The authors evaluate different training data compositions for OmniLotte, finding that a mix of 70% Lottie and 30% SVG data yields the best performance across both Text-to-Lottie and Text-Image-to-Lottie tasks. This balanced approach improves object and motion alignment while maintaining visual quality, as measured by FVD and CLIP scores. Results indicate that moderate SVG integration enhances geometric understanding without compromising motion complexity.

The authors use automated metrics like Object Alignment and Motion Alignment to evaluate generated animations, and these metrics show strong positive correlation with human judgments across geometric fidelity and animation quality. Results indicate that their proposed metrics are more effective than CLIP or FVD at capturing human-perceived quality, validating their use for automated evaluation.
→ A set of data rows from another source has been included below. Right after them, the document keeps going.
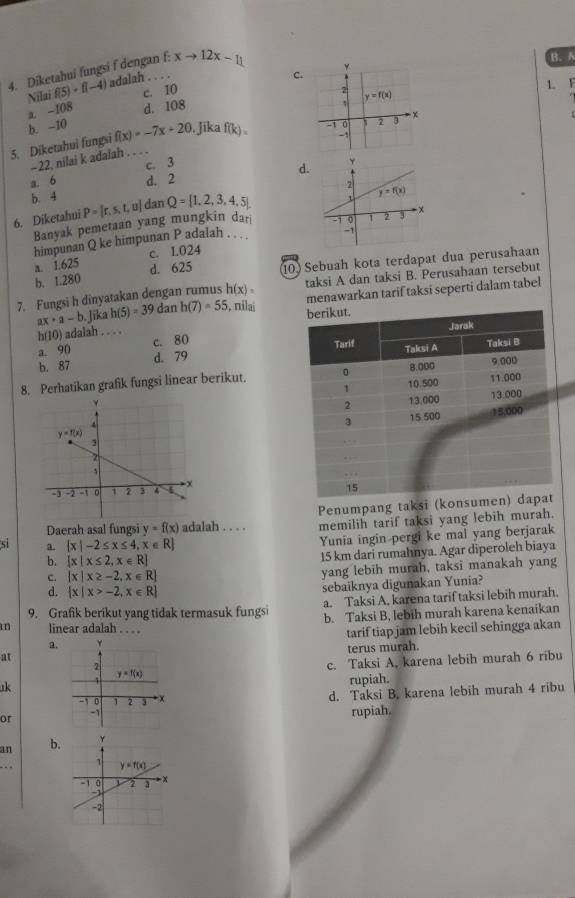 Diketahui fungsi f dengan f: xto 12x-11
B. A
Nilai f(5)+f(-4) adalah
C.
c. 10
L F
a. -108 d. 108
b. -10
5. Diketahui fungsi f(x)=-7x+20 _ . Jīka f(k)=
-22, nilai k adalah
c. 3
d.
a. 6 d. 2
b. 4
6. Diketahui P= r,s,t,u dan Q= 1,2,3,4,5
Banvak pemetaan yang mungkin dar
a. 1.625 himpunan Q ke himpunan P adalah . . ..
c. L.024
b. 1.280 d. 625 10) Sebuah kota terdapat dua perusahaan
taksi A dan taksi B. Perusahaan tersebut
7. Fungsi h dinyatakan dengan rumus h(x)= menawarkan tarif taksi seperti dalam tabel
ax· a-b.]vector ik. h(5)=39danh(7)=55 , nilai 
h(10) adalah . . . .
a. 90 c. 80
b. 87 d. 79
8. Perhatikan grafik fungsi linear berikut. 
 
 
Penumpang taksi (konsum
Daerah asal fungsi y=f(x) adalah . . . . memilih tarif taksi yang lebih murah.
si a.  x|-2≤ x≤ 4,x∈ R
Yunia ingin pergi ke mal yang berjarak
b.  x|x≤ 2,x∈ R 15 km dari rumahnya. Agar diperoleh biaya
c.  x|x≥ -2,x∈ R yang lebih murah, taksi manakah yang
d.  x|x>-2,x∈ R
sebaiknya digunakan Yunia?
a. Taksi A, karena tarif taksi lebih murah.
9. Grafik berikut yang tidak termasuk fungsi b. Taksi B, lebih murah karena kenaikan
linear adalah . . . .
a. tarif tiap jam lebih kecil sehingga akan
terus murah.
at
uk c. Taksi A, karena lebih murah 6 ribu
rupiah.
d. Taksi B. karena lebih murah 4 ribu
or
rupiah.
an b.
.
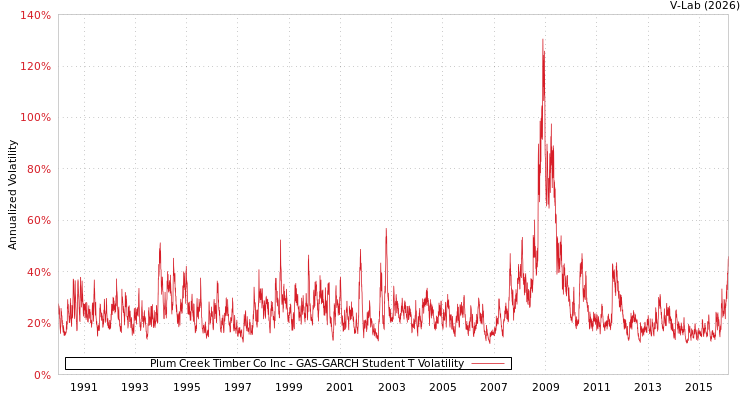 graph of Plum Creek Timber Co Inc GAS-GARCH-T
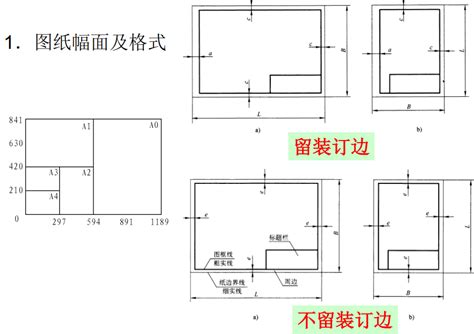 机械制图新标准-图幅解读-92工业网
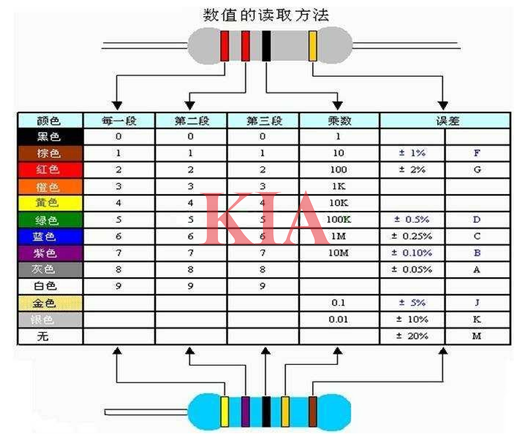 色環(huán)電阻對照表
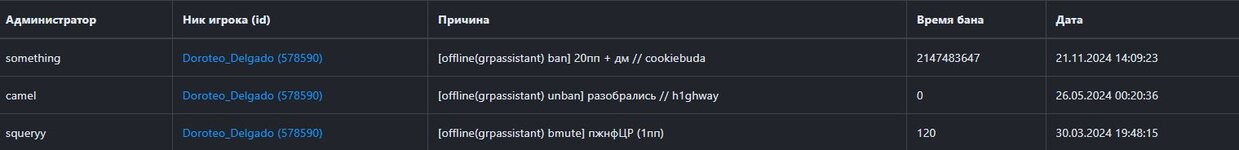 Скриншот 22-11-2024 152140.jpg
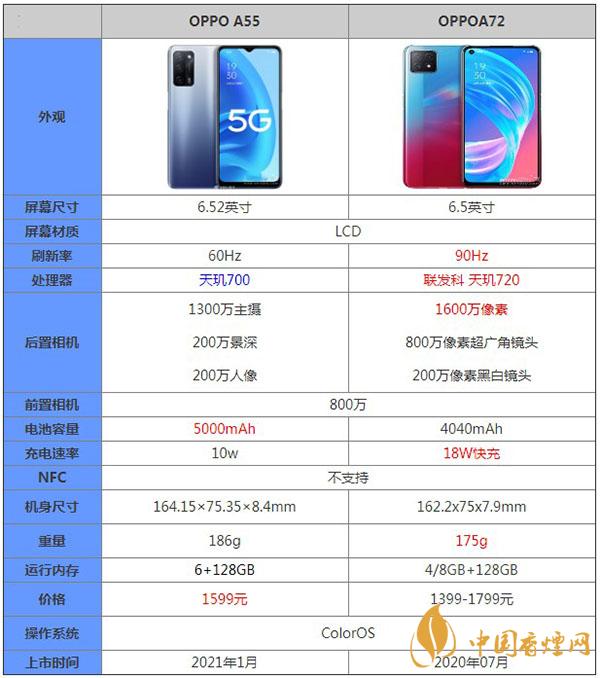 OPPOA55和OPPOA72性能参数对比详情-哪款更值得入手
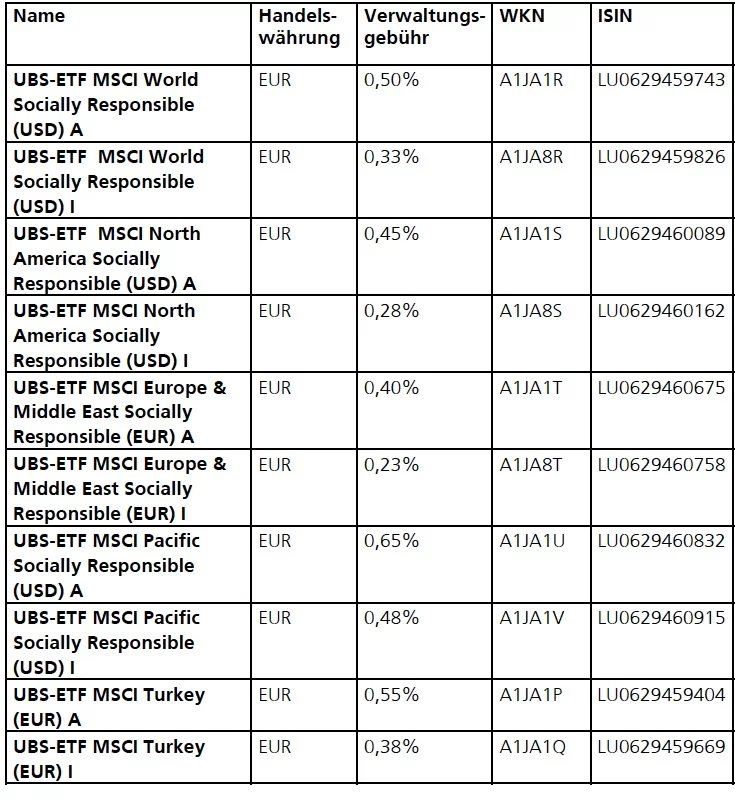 ubs etfs ubs etfs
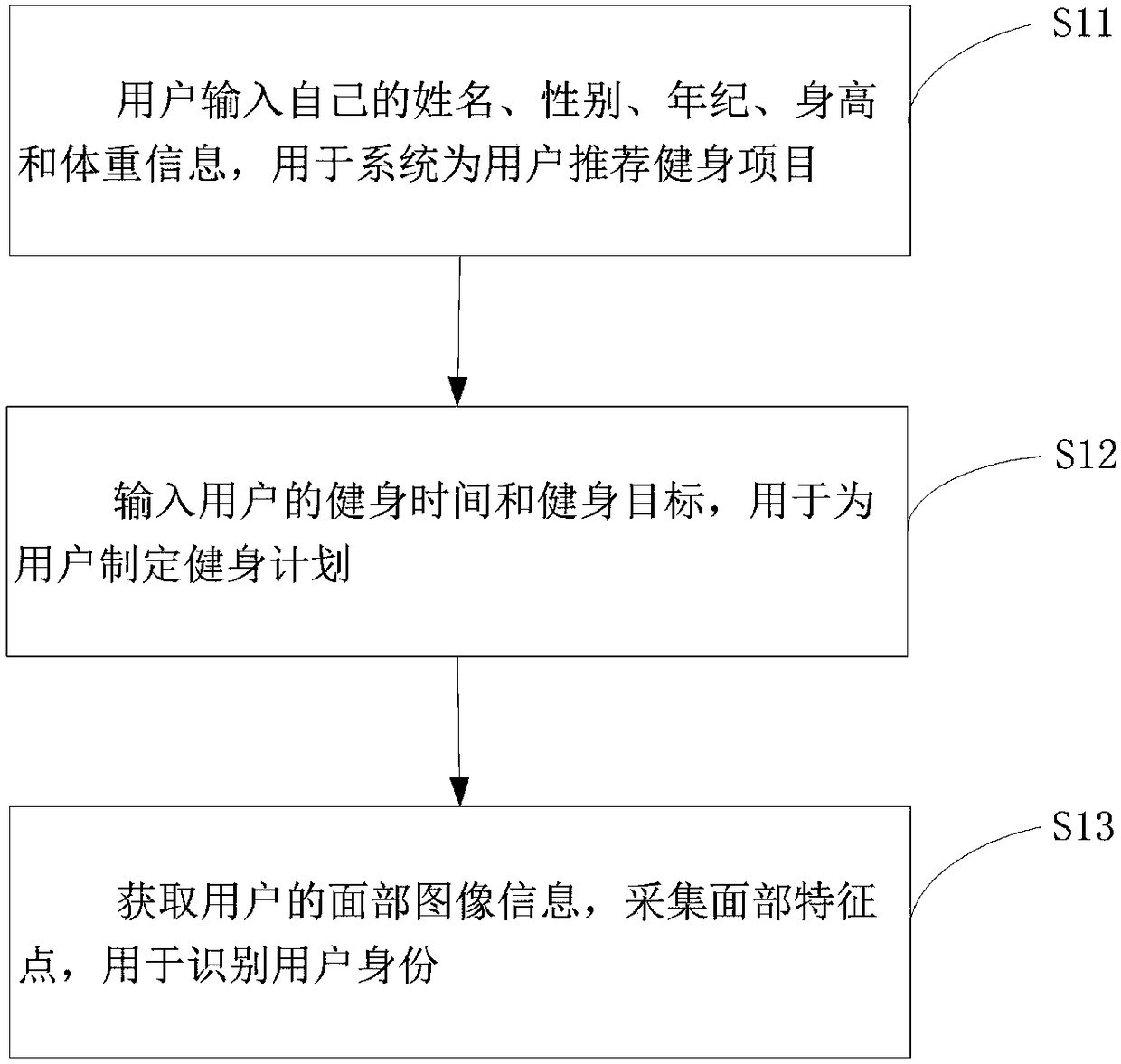 Intelligent mirror-type fitness instruction method and system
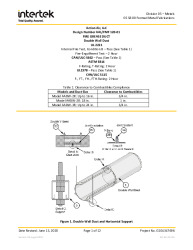 AAL/FMF 120-01-28587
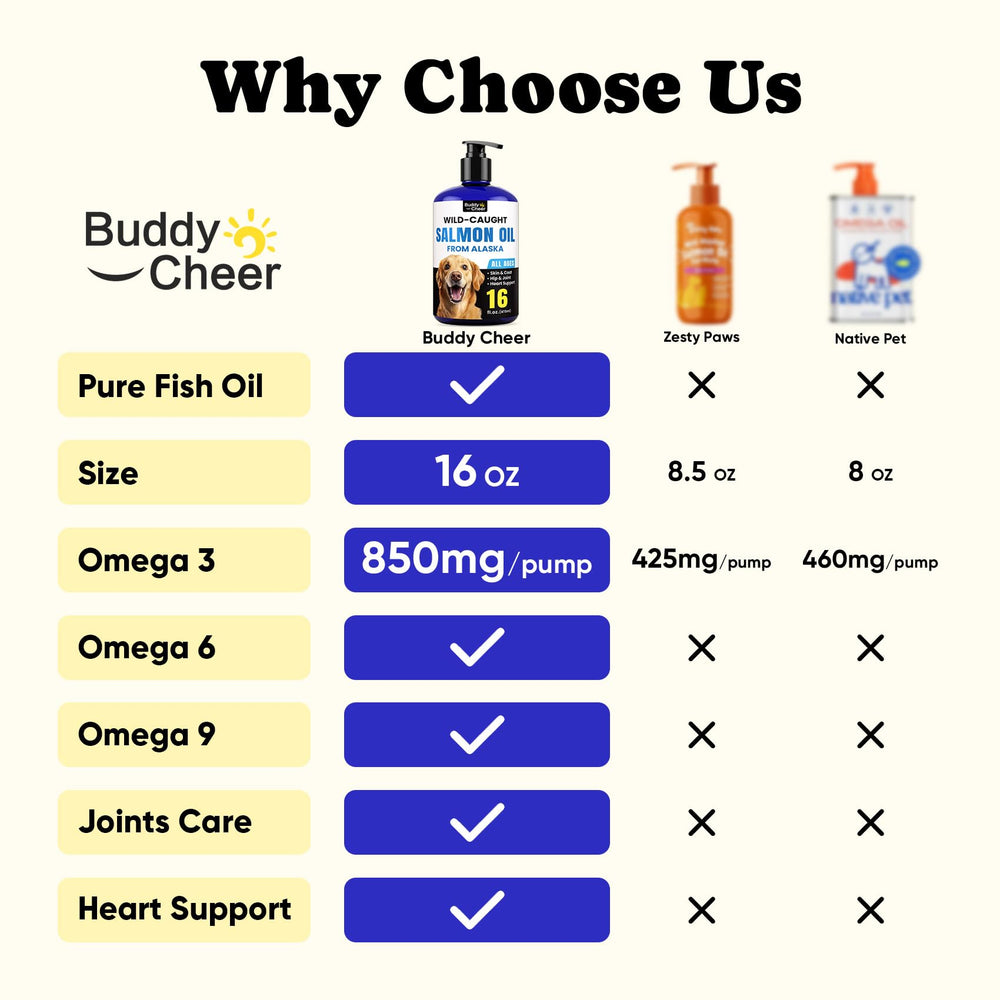 BuddyCheer Aceite de Salmón Alaska, dosificador para dosis diaria.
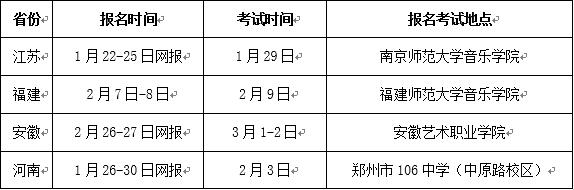 2018年湖南师范大学戏剧影视文学专业招生简章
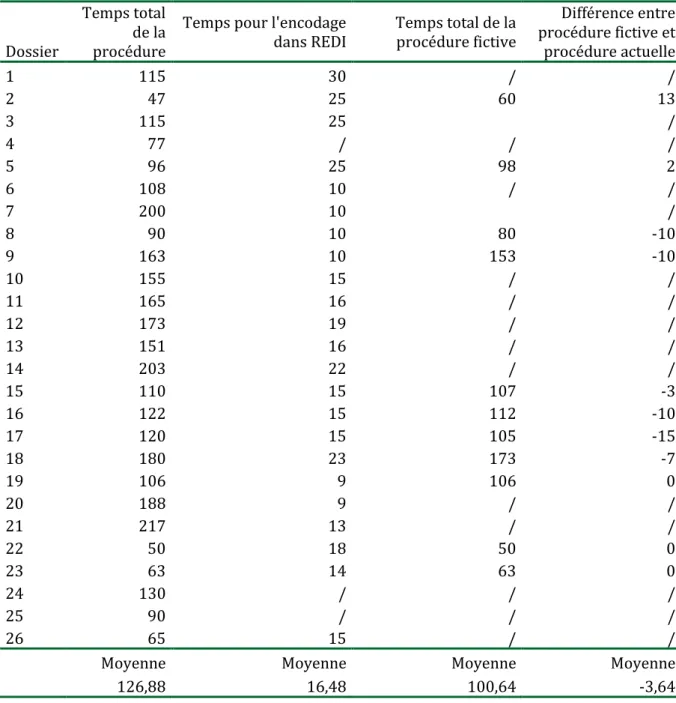 Tableau 5 : Différence de temps entre la procédure fictive et la procédure actuelle 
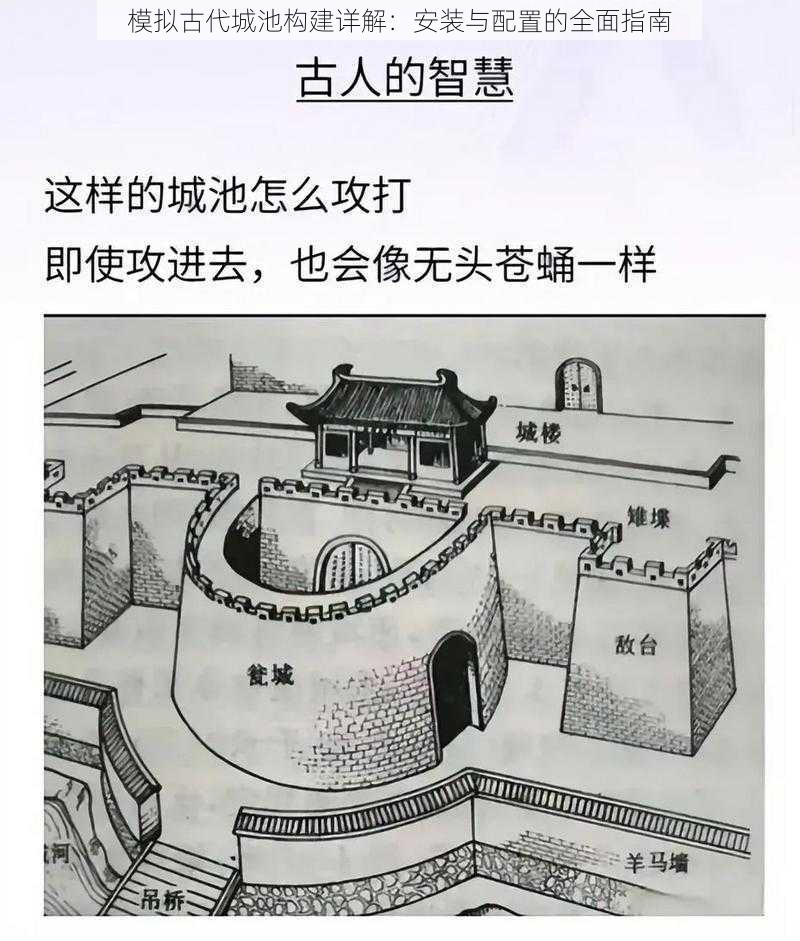 模拟古代城池构建详解:安装与配置的全面指南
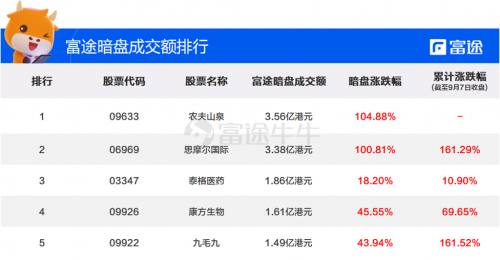 農(nóng)夫山泉上市首日高開85%！富途暗盤收漲104%，收益與風(fēng)險并存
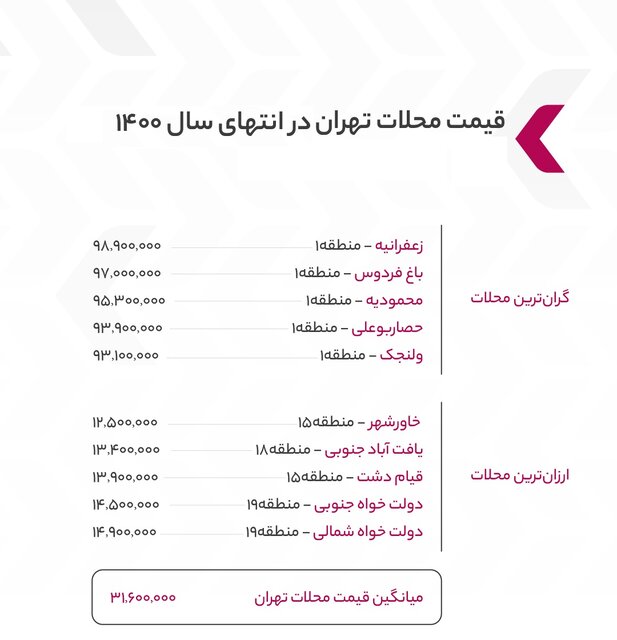 تغییرات قیمت سالیانه مسکن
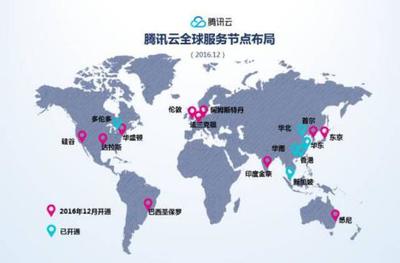 騰訊云海外擴(kuò)張策略解析 為何在出海征途中暫時(shí)領(lǐng)先阿里云？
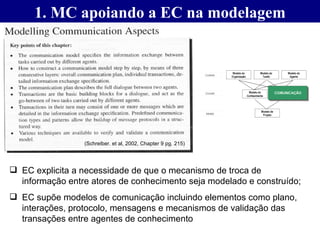 1. MC apoiando a EC na modelagem EC explicita a necessidade de que o mecanismo de troca de informação entre atores de conhecimento seja modelado e construído; EC supõe modelos de comunicação incluindo elementos como plano, interações, protocolo, mensagens e mecanismos de validação das transações entre agentes de conhecimento (Schreiber. et al, 2002, Chapter 9 pg. 215) 
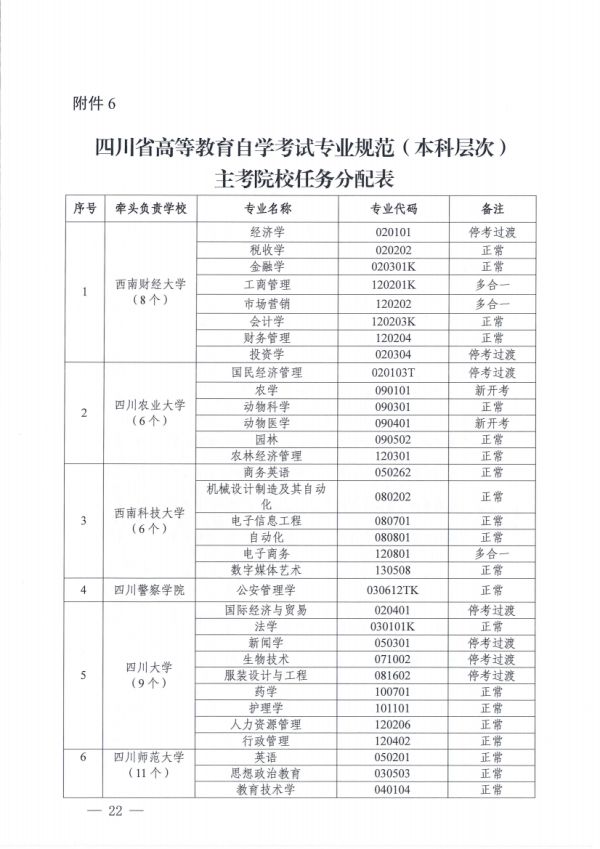 关于开展四川省高等教育自学考试专业规范工作的通知_21.png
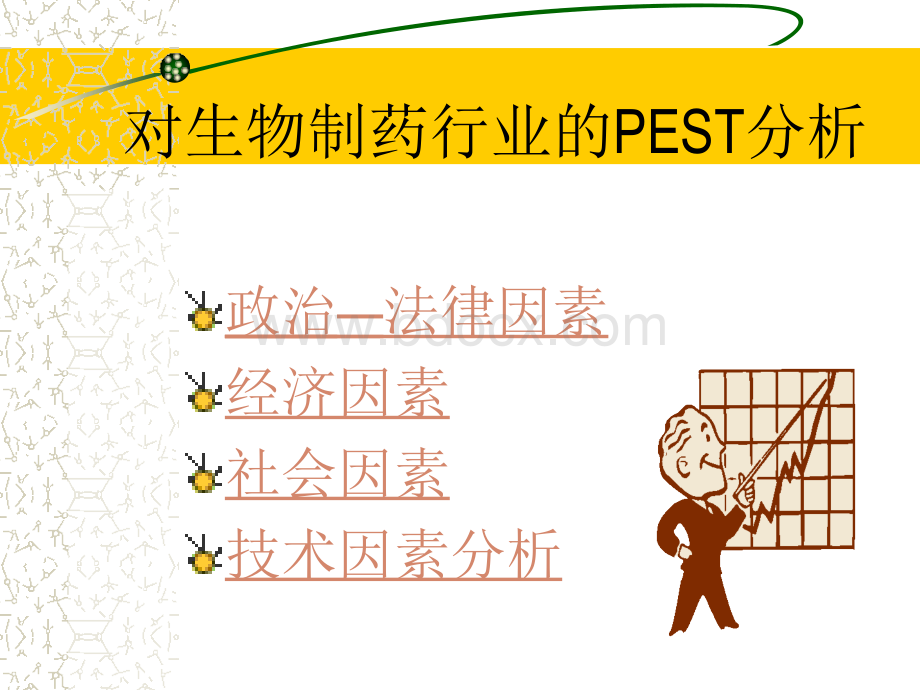 对生物制药行业的PEST分析PPT文档格式.ppt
The authors use OmniLotte to generate Lottie animations from text, text-image, and video inputs, comparing it against multiple baselines including commercial tools and large language models. Results show OmniLotte consistently achieves the highest success rates and outperforms others on key metrics like FVD, object alignment, and motion alignment, while maintaining efficient generation speed. Its structured tokenizer and targeted training enable reliable, high-fidelity vector animation output across all input modalities.

The authors use OmniLotte to generate Lottie animations from text, text-image, and video inputs, consistently outperforming baselines across success rates, visual quality, and motion alignment. Results show that OmniLotte achieves the highest scores in most metrics, particularly in motion fidelity and token efficiency, while maintaining strong performance on both real and synthetic data. The method also demonstrates superior reliability and speed compared to optimization-based and general-purpose VLM approaches.